#### Exercise objective
Could you repeat every line below exactly, skipping the images?

=== Provided material ===

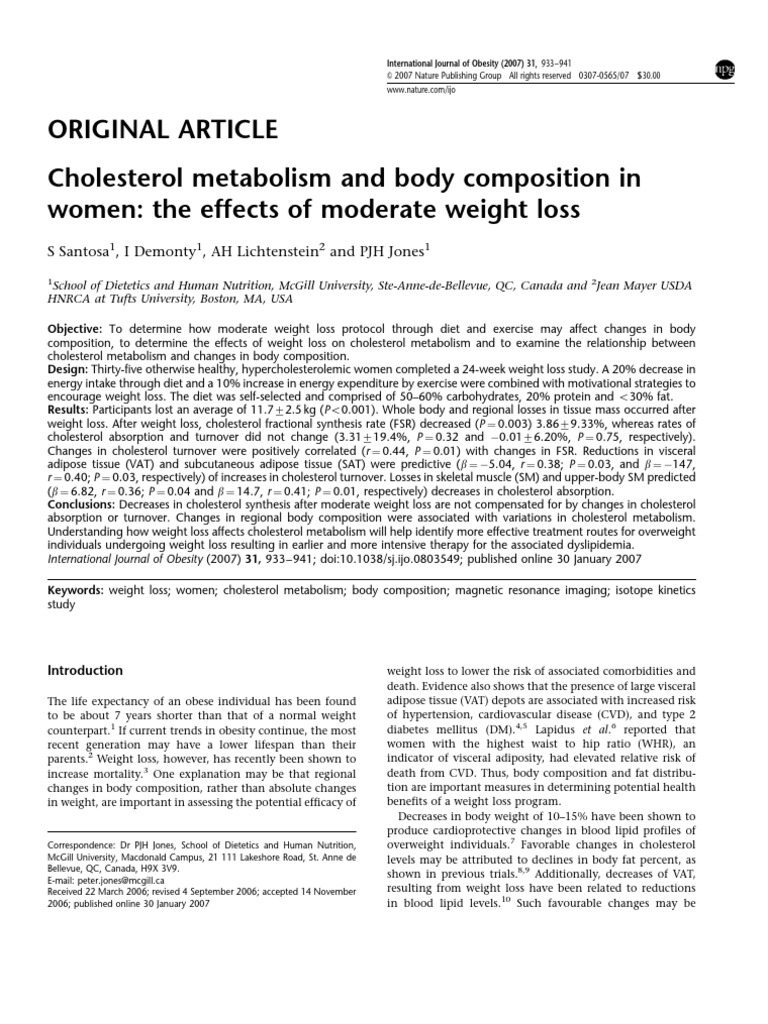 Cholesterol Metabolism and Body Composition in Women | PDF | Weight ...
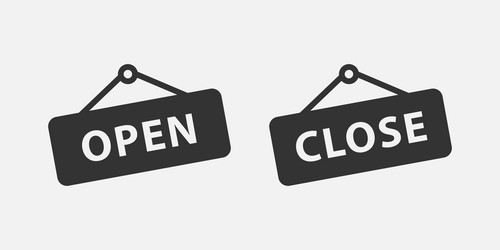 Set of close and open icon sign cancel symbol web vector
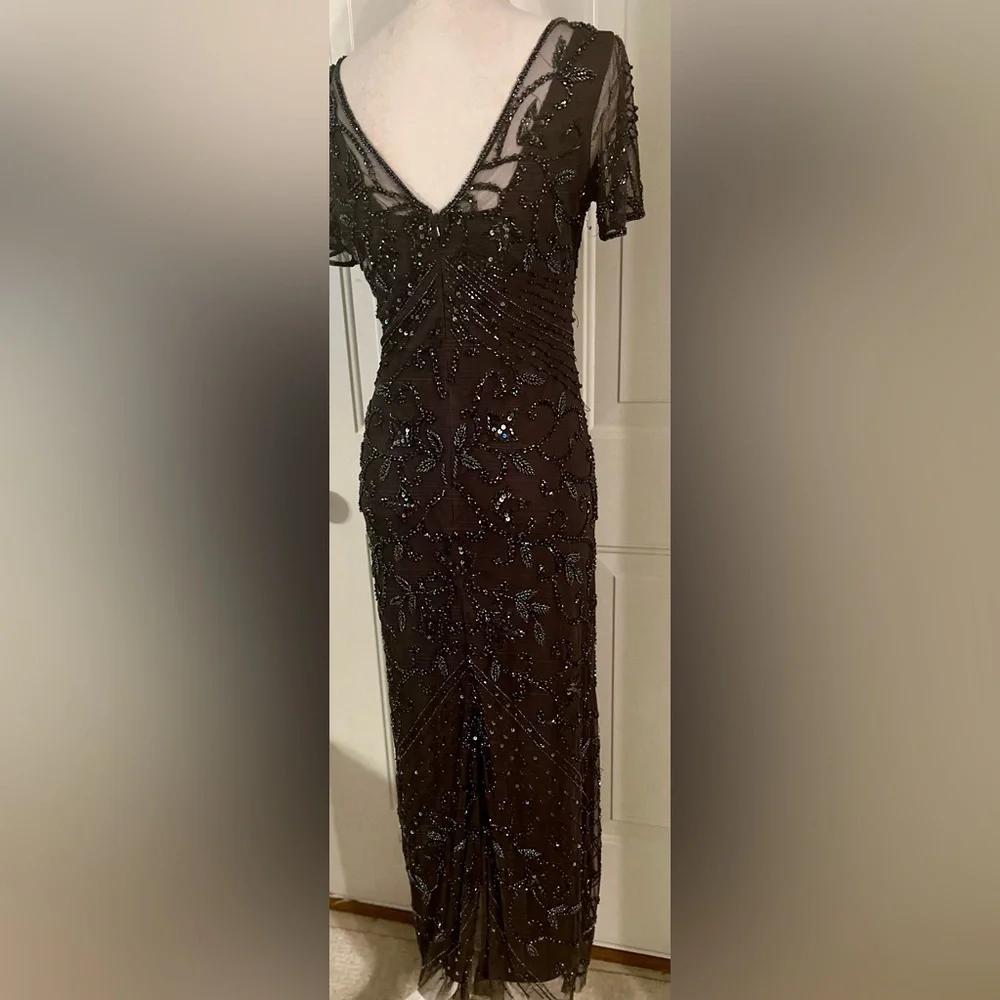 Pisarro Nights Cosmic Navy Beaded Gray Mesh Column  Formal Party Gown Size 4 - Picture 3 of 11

===

#### Result of the exercise
 Cholesterol Metabolism and Body Composition in Women | PDF | Weight ...
 Set of close and open icon sign cancel symbol web vector
 Pisarro Nights Cosmic Navy Beaded Gray Mesh Column  Formal Party Gown Size 4 - Picture 3 of 11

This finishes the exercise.